On Thu, Sep 27, 2018 at 09:17:47AM +0200, Peter Zijlstra wrote:
> On Wed, Sep 26, 2018 at 10:52:08PM +0200, Andrea Parri wrote:
> > On Wed, Sep 26, 2018 at 01:01:20PM +0200, Peter Zijlstra wrote:
> > > On x86 we cannot do fetch_or with a single instruction and end up
> > > using a cmpxchg loop, this reduces determinism. Replace the fetch_or
> > > with a very tricky composite xchg8 + load.
> > > 
> > > The basic idea is that we use xchg8 to test-and-set the pending bit
> > > (when it is a byte) and then a load to fetch the whole word. Using
> > > two instructions of course opens a window we previously did not have.
> > > In particular the ordering between pending and tail is of interrest,
> > > because that is where the split happens.
> > > 
> > > The claim is that if we order them, it all works out just fine. There
> > > are two specific cases where the pending,tail state changes:
> > > 
> > >  - when the 3rd lock(er) comes in and finds pending set, it'll queue
> > >    and set tail; since we set tail while pending is set, the ordering
> > >    is split is not important (and not fundamentally different form
> > >    fetch_or). [*]
> > > 
> > >  - when the last queued lock holder acquires the lock (uncontended),
> > >    we clear the tail and set the lock byte. By first setting the
> > >    pending bit this cmpxchg will fail and the later load must then
> > >    see the remaining tail.
> > > 
> > > Another interesting scenario is where there are only 2 threads:
> > > 
> > > 	lock := (0,0,0)
> > > 
> > > 	CPU 0			CPU 1
> > > 
> > > 	lock()			lock()
> > > 	  trylock(-> 0,0,1)       trylock() /* fail */
> > > 	    return;               xchg_relaxed(pending, 1) (-> 0,1,1)
> > > 				  mb()
> > > 				  val = smp_load_acquire(*lock);
> > > 
> > > Where, without the mb() the load would've been allowed to return 0 for
> > > the locked byte.
> > 
> > If this were true, we would have a violation of "coherence":
> 
> The thing is, this is mixed size, see:

The accesses to ->val are not, and those certainly have to meet the
"coherence" constraint (no matter the store to ->pending).


> 
>   https://www.cl.cam.ac.uk/~pes20/popl17/mixed-size.pdf
> 
> If I remember things correctly (I've not reread that paper recently) it
> is allowed for:
> 
> 	old = xchg(pending,1);
> 	val = smp_load_acquire(*lock);
> 
> to be re-ordered like:
> 
> 	val = smp_load_acquire(*lock);
> 	old = xchg(pending, 1);
> 
> with the exception that it will fwd the pending byte into the later
> load, so we get:
> 
> 	val = (val & _Q_PENDING_MASK) | (old << _Q_PENDING_OFFSET);
> 
> for 'free'.
> 
> LKMM in particular does _NOT_ deal with mixed sized atomics _at_all_.

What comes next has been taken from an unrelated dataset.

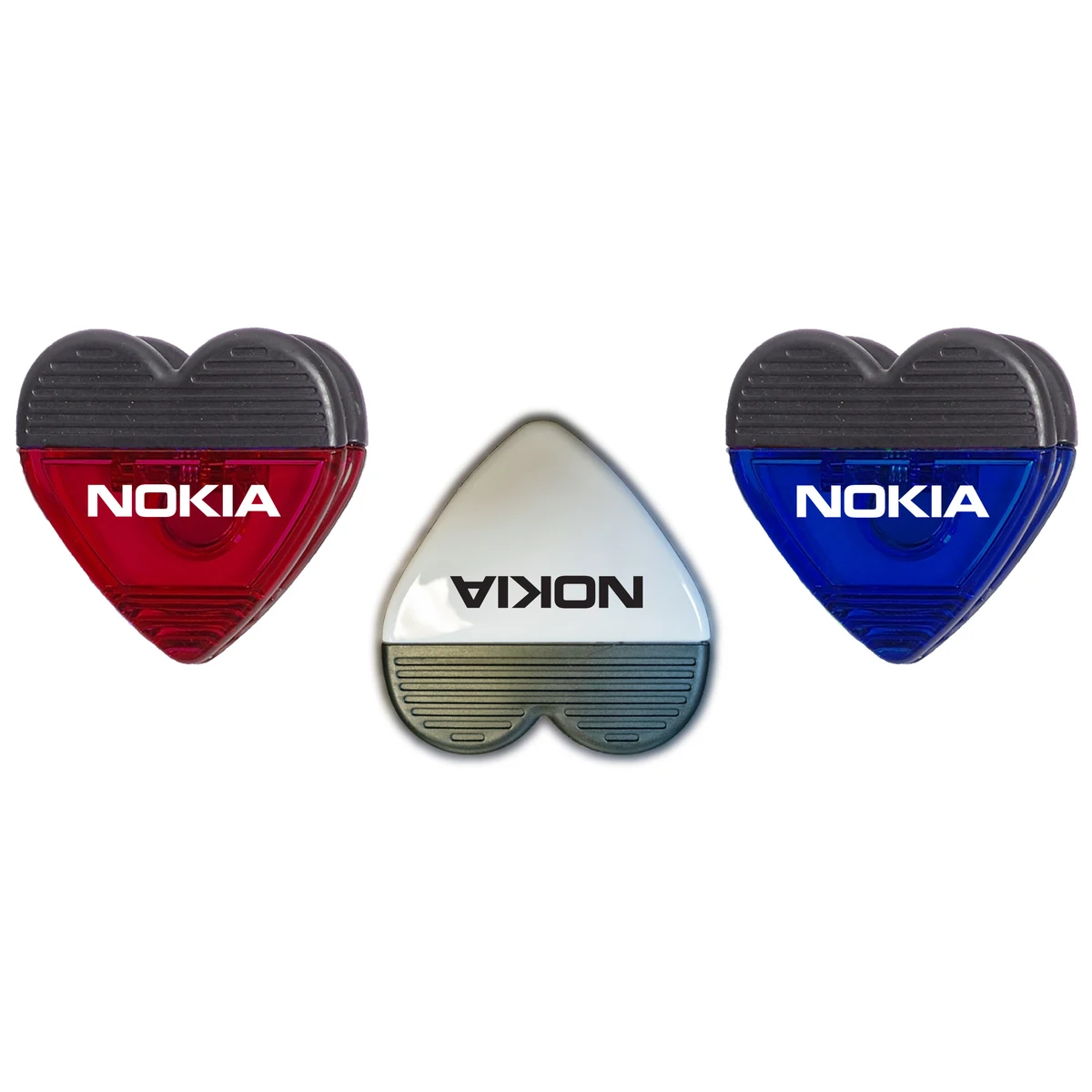 Jumbo size heart shaped magnetic memo clip holder with strong grip 1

True, but it is nothing conceptually new to deal with: there're Cat
models that handle mixed-size accesses, just give it time.

  Andrea


> 
> With the addition of smp_mb__after_atomic(), we disallow the load to be
> done prior to the xchg(). It might still fwd the more recent pending
> byte from its store buffer, but at least the other bytes must not be
> earlier.